[Opening DATA FOR THIS EXERCISE section]

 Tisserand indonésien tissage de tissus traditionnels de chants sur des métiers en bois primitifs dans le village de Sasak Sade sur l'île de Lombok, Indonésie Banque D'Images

[Closing DATA FOR THIS EXERCISE section]
[Opening DATA FOR THIS EXERCISE section]

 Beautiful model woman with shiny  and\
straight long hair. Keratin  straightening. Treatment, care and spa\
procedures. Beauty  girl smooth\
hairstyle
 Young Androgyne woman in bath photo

[Closing DATA FOR THIS EXERCISE section]
[Opening DATA FOR THIS EXERCISE section]

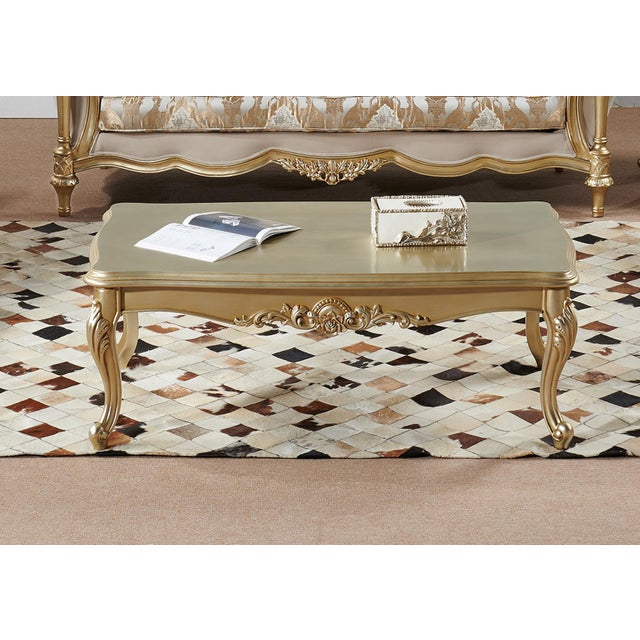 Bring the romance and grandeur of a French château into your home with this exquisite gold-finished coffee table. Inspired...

[Closing DATA FOR THIS EXERCISE section]

Show each line in the data where the string "woman" appears.

WRITTEN ANSWER
 Beautiful model woman with shiny  and\
 Young Androgyne woman in bath photo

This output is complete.